L’entusiasmo risorgimentale che aveva infiammato i cuori dei ragazzi italiani che si battevano nel Lombardo-Veneto, per esplodere in Dalmazia dovrà aspettare la fine della prima guerra mondiale e la caduta dell’Impero asburgico. Quando finalmente parte della Dalmazia potrà ricongiungersi alla madrepatria, parlare di delirio collettivo non è esagerato.

Il giorno in cui a Zara si issò il Tricolore sulla cima del campanile del Duomo, fu incaricato dell’alto onore un ragazzo della Società Ginnastica di Zara. Questo ragazzo, dopo alzata la bandiera, posò le mani avanti ai piedi e fece la verticale... in cima al campanile.

E quel ragazzo non cadde di sotto perché sostenuto dai cuori di tutti i suoi concittadini presenti.

Io che non potevo essere presente perché non ero ancora nato, mentre scrivo queste righe mi sento un groppo in gola e non so perché.

Vedo i drogati, vedo i morti del sabato sera e li confronto con quel ragazzo sulla cima del campanile...


1.13 Fascismo

Naturalmente, quando subito dopo arrivò il Fascismo, trovò in Dalmazia terreno fertile. È facile dire oggi: ma voi Dalmati eravate tutti fascisti! E ti credo! rispondo io, che altro saremmo potuti essere? Mussolini ci parlava di Bandiera, di Patria e di Onore e tanto ci bastava. Non credevamo di fare niente di male.

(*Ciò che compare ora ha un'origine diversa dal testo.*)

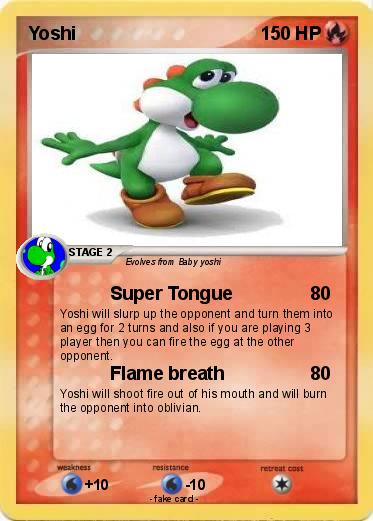 Pokemon Yoshi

Soltanto dopo la guerra perduta, gente come Sandro Pertini, “il più amato (?) dagli Italiani”, ci ha informato che eravamo tutti cattivi. Ma prima della guerra credevamo di essere persone normali, anzi, meritevoli di lode per i nostri sforzi disinteressati tesi solo ad onorare la bandiera.


1.14 Epilogo

A guerra perduta, Parenzo, tanto per fare un esempio nomino quella cittadina istriana proprio di fronte a Chioggia, Parenzo, dicevo, depone le armi e cavallerescamente si consegna al vincitore. Ma il vincitore non si mostra degno di tanto onore, anzi, forse memore dei suoi disgraziati avi, i bifolchi e i bislacchi, si comporterà in una maniera tale che gli abitanti di Parenzo saranno costretti a lasciare la loro città e i loro averi. In quei giorni lascia Parenzo il 98% della popolazione.

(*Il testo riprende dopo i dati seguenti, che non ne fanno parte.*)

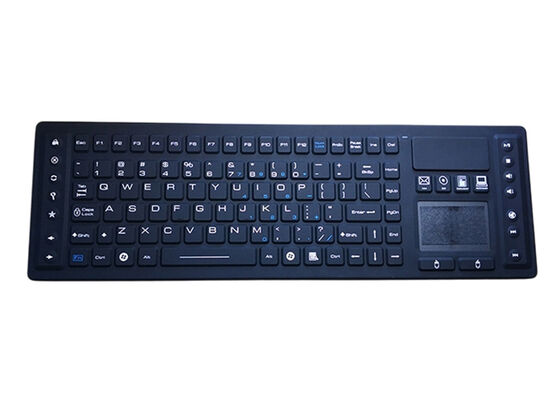 Bluetooth wireless silicone medical keyboard with waterproof supplier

In tutto i profughi da Istria, Fiume e Dalmazia saranno 350.000. Non certo 350.000 barbari migrati dalle steppe, ma popolo civilissimo depositario di una storia e di una cultura che gli intellettuali progressisti nostrani non possono neanche immaginare.

In quei giorni, prefetto della città di Zara..., anzi non si chiamava Prefetto ma Capo della Provincia, era un siciliano di nome Serrentino. Questo siciliano si pro­digò al limite delle possibilità umane per seppellire i morti. Zara infatti aveva subito 54 bombardamenti. Dico 54 bombardamenti su una città grande come un fazzoletto senza una contraerea adeguata perché non era obiettivo militare. Questo significa che gli ‘eroici’ aviatori anglosassoni avevano agio di giocare al tiro a segno contro le barche di civili che cercavano di lasciare la città durante gli attacchi aerei (Fonti: 301 bis Talpo/Brćić, 259; 322 Bambara, 151; 601 Carter/Mueler).

Serrentino, dicevo, soccorre i feriti, seppellisce i morti e organizza la evacuazione. Lui stesso lascia per ultimo la città in fiamme quando ormai gli fischiano le pallottole dietro le orecchie. Ma le brigate partigiane di Tito lo inseguono e lo raggiungono in territorio italiano dopo la fine della guerra, lo strappano da casa sua e lo trascinano oltre il confine. Sarà fucilato, naturalmente, era fascista, non poteva essere che fucilato.

Cade così Vincenzo Serrentino il 19 maggio del 1947. Due anni dopo la fine della guerra.